--- WORK ORDER ---
Nothing but an exact copy of the records below counts as the answer.

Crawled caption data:
---

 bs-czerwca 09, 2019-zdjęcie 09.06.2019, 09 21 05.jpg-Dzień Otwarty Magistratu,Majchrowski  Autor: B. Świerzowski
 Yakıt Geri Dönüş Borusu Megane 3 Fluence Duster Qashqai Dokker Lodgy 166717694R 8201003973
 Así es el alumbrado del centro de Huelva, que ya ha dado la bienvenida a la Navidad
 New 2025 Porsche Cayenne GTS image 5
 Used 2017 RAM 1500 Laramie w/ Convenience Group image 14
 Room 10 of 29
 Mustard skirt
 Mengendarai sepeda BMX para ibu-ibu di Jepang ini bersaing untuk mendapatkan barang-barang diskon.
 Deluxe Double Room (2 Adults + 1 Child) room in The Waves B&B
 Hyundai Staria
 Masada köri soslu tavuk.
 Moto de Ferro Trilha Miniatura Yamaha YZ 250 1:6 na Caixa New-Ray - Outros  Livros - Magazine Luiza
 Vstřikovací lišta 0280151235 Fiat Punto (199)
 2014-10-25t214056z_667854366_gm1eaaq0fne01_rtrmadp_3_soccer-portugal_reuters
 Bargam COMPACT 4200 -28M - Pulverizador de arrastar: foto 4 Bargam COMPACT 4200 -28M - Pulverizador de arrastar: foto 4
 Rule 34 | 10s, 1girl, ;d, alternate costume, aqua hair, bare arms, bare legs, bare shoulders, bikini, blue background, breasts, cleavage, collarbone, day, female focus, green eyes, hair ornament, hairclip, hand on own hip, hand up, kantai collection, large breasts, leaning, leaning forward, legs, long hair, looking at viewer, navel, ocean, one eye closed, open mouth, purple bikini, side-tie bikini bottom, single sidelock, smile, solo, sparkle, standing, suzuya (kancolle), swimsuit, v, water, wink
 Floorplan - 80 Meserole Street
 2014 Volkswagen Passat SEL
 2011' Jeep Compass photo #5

---

--- EXERCISE OUTPUT ---
 bs-czerwca 09, 2019-zdjęcie 09.06.2019, 09 21 05.jpg-Dzień Otwarty Magistratu,Majchrowski  Autor: B. Świerzowski
 Yakıt Geri Dönüş Borusu Megane 3 Fluence Duster Qashqai Dokker Lodgy 166717694R 8201003973
 Así es el alumbrado del centro de Huelva, que ya ha dado la bienvenida a la Navidad
 New 2025 Porsche Cayenne GTS image 5
 Used 2017 RAM 1500 Laramie w/ Convenience Group image 14
 Room 10 of 29
 Mustard skirt
 Mengendarai sepeda BMX para ibu-ibu di Jepang ini bersaing untuk mendapatkan barang-barang diskon.
 Deluxe Double Room (2 Adults + 1 Child) room in The Waves B&B
 Hyundai Staria
 Masada köri soslu tavuk.
 Moto de Ferro Trilha Miniatura Yamaha YZ 250 1:6 na Caixa New-Ray - Outros  Livros - Magazine Luiza
 Vstřikovací lišta 0280151235 Fiat Punto (199)
 2014-10-25t214056z_667854366_gm1eaaq0fne01_rtrmadp_3_soccer-portugal_reuters
 Bargam COMPACT 4200 -28M - Pulverizador de arrastar: foto 4 Bargam COMPACT 4200 -28M - Pulverizador de arrastar: foto 4
 Rule 34 | 10s, 1girl, ;d, alternate costume, aqua hair, bare arms, bare legs, bare shoulders, bikini, blue background, breasts, cleavage, collarbone, day, female focus, green eyes, hair ornament, hairclip, hand on own hip, hand up, kantai collection, large breasts, leaning, leaning forward, legs, long hair, looking at viewer, navel, ocean, one eye closed, open mouth, purple bikini, side-tie bikini bottom, single sidelock, smile, solo, sparkle, standing, suzuya (kancolle), swimsuit, v, water, wink
 Floorplan - 80 Meserole Street
 2014 Volkswagen Passat SEL
 2011' Jeep Compass photo #5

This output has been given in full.